Шлепая по грязи, скользя, спотыкаясь, мы продвигались вперед. Телеги то и дело отставали, приходилось останавливаться, поджидая их. А дождь все лил и лил... Всё мрачнее и мрачнее становилась ночь... Мы двигались по склонам Бабаджика. Стало совсем непроницаемо темно. Ничего не видно и не слышно, кроме скрипа телег, да шлепанья ног по лужам и грязи. Не раз останавливались, думая, что сбились с дороги. Все попытки выяснить положение — тщетны. Тьма, дождь, спички не зажжешь, а электрический фонарик весьма некстати прекратил свои функции. Брели мы на удачу... Вот запах дыма; пожалуй, деревня... Так и есть — блеснул огонек. Но что нам до неё? нам надо совсем в другую сторону. Пошли дальше... Идем... Идем... Наконец-то, спускаясь в дол, обнаружили нужное нам село. Усталые, голодные, измокшие, еще минут двадцать мы бродили по селу от двора ко двору, пока нашли кмета (старосту). Вместе с ним устроили сначала больных нижних чинов, а потом уже и мы поместились в его избе. Там было 4 комнаты, почти без всякой обстановки, так как боязнь прихода турок заставила все приготовить на случай бегства. Сонная жена старосты и трое ребятишек грелись у большого камина в одной из комнат, а соседнюю отдали нам: мне, кандидату и трем санитарам.

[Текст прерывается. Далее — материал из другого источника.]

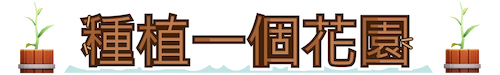 斯克斯特德牧场|Skystead Ranch最新版官方中文免费下载-图片3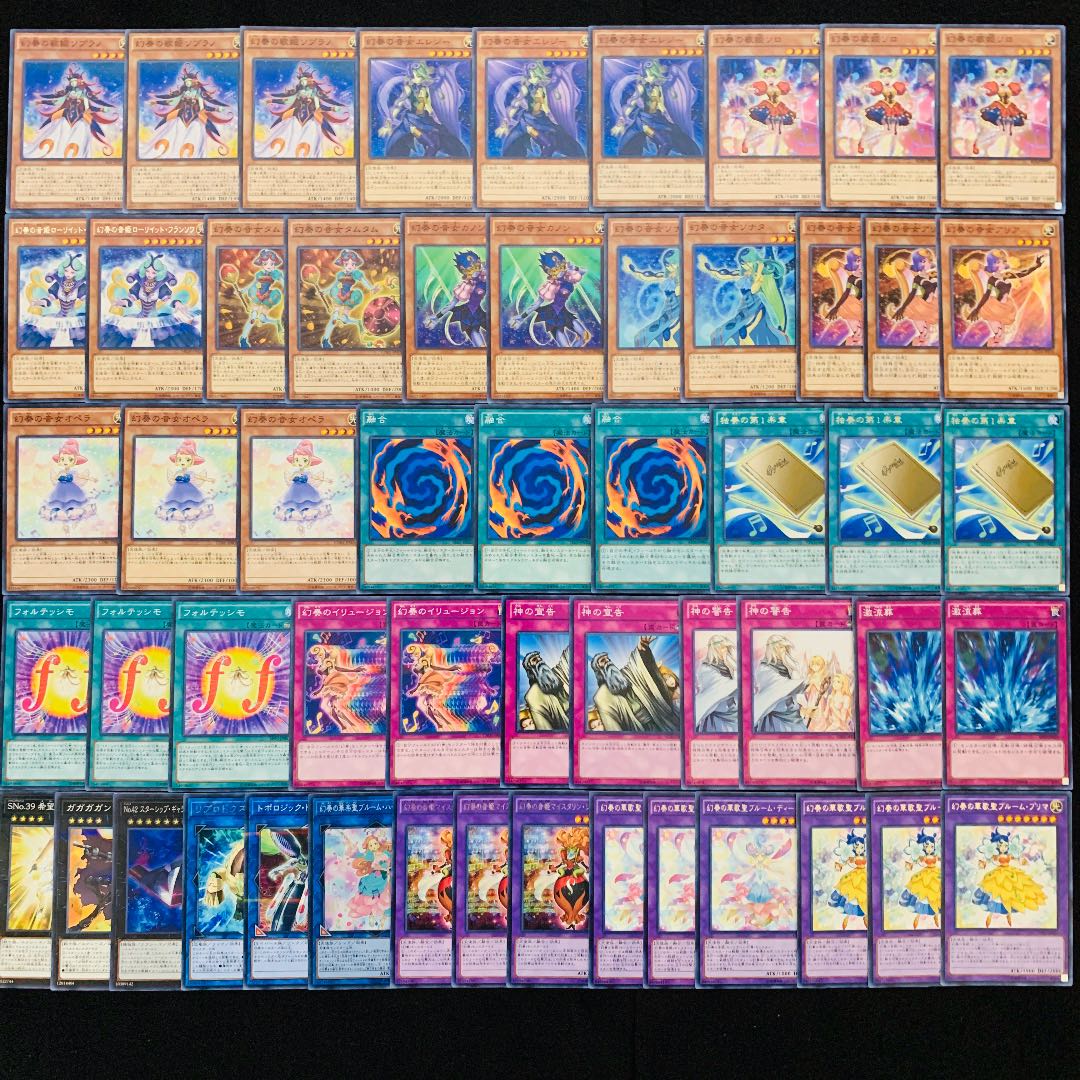 遊戯王 No.136 幻奏 ガチ構築 デッキ40枚＋EX15枚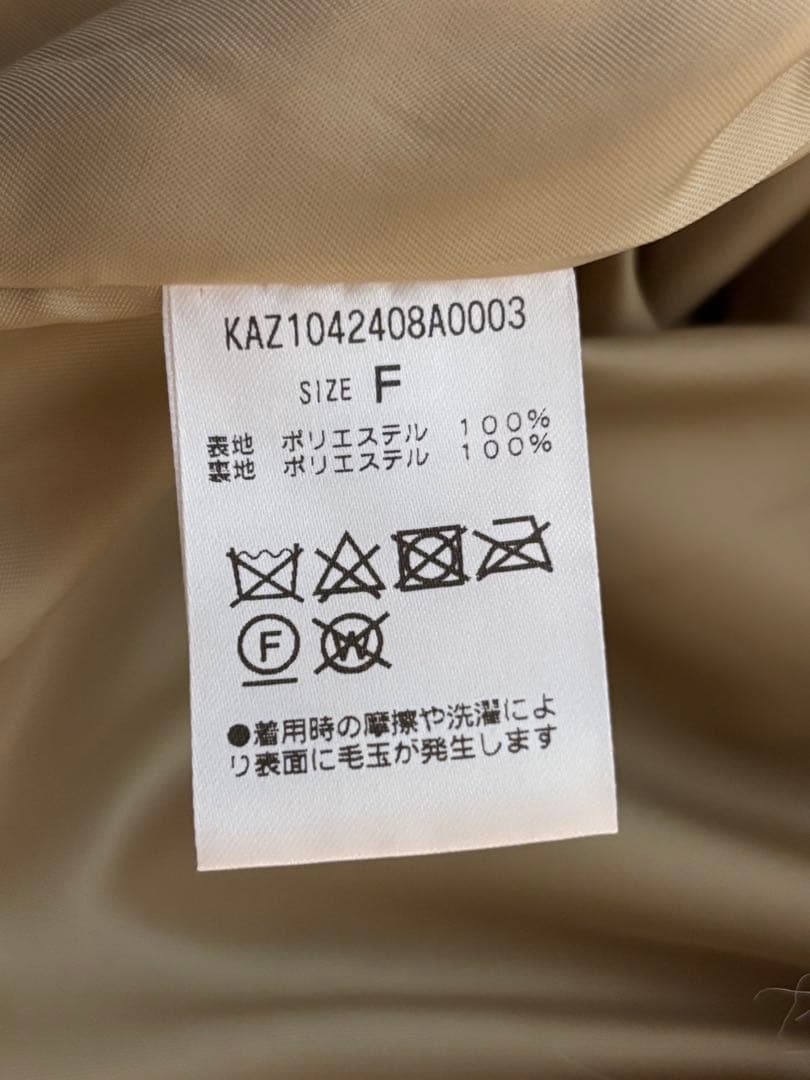 Kastane アイボリーファーコート フリーサイズ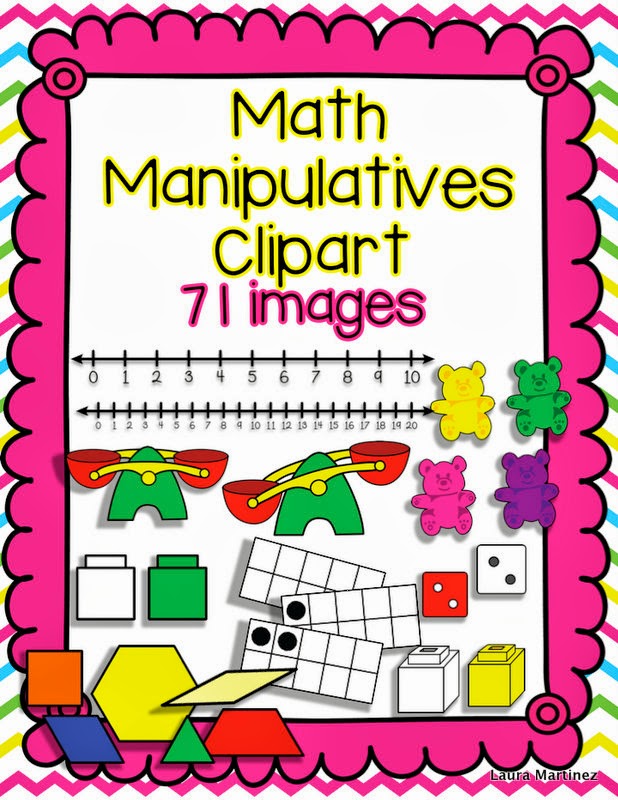 Math Manipulatives Clipart Math Manipulatives Set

Угостив нас яичницей и сыром, хозяин дал нам на ночь несколько тяжелых ковров и пожелал покойной ночи. Мы легли на полу, подстелив один из ковров, другими же накрылись. Несмотря на холодный глинобитный пол, чувствовавшийся сквозь ковер, я заснул, как убитый, и спал дольше других. На другой день мне лишь к десяти с половиною часам удалось с большим трудом раздобыть пару лошадок и телегу. Поблагодарив кмета, напутствуемый его благопожеланиями, я простился со своими спутниками и отправился один в дальнейший путь. Мрачное серое небо к полудню стало проясняться. Солнце силилось пронзить тучи и согреть своими осенними, но все еще теплыми лучами размокшую и грязную землю. Я задался целью к 2 часам дня быть в Ахлатлие и, если командующего 3-й армией там не будет, нагнать его к вечеру. Расстояние до Ахлатлия небольшое — всего 20 километров. [170]

На подъеме к югу от лощины реки Гюндюзлерска я встретил впервые войсковой огнестрельный транспорт. Длинная вереница телег, запряженных буйволами или волами. Этот транспорт задерживал меня и сильно портил дорогу, так что в Ахлатлий я прибыл в исходе 3-го часа. Как раз в это время через все село тянулась 2-я бригада 6-й пехотной дивизии с одним дивизионом 2-го скорострельного артиллерийского полка. Отыскав коменданта этапа, я узнал от него, что командующий уже в Кайбиляре. Решил остановиться до 4 часов, покормить лошадей, а потом продолжать путь.

Стоя у своей телеги, я смотрел на двигавшуюся мимо меня колонну: она шла быстрым, бодрым шагом; разговоров в рядах почти не слышно; ружья у кого на плече, у кого на ремне; штыки отомкнуты. Люди поодиночке то и дело жадно приникали к ведру или кувшину с водой, вынесенным крестьянками; временами жаждущих скоплялось так много, что они запруживали всю улицу. Тогда начальство возобновляло движение. Это делалось очень энергично и быстро. Покорность полная, безропотная.

С моим возницей вышел тут маленький инцидент: он на виду у проходящей колонны, стал свертывать себе папироску. Не успел он и глазом моргнуть, как один из проходивших солдат выхватил у него из рук табак, бросив взамен его целый франк. Правда, в материальном отношении он оказался не в убытке: табак стоил не дороже 20 сантимов, но удовольствия покурить лишился надолго. Табак и вода — вот две вещи, от которых трудно оторвать людей. Но даже и взгляд этих худощавых, навьюченных, с расстегнутыми воротами «войников» не выражал недовольства, когда, по приказу начальства, они снова двигались в утомительный путь. Они шли... приостанавливались... снова шли, шлепая и скользя по грязи...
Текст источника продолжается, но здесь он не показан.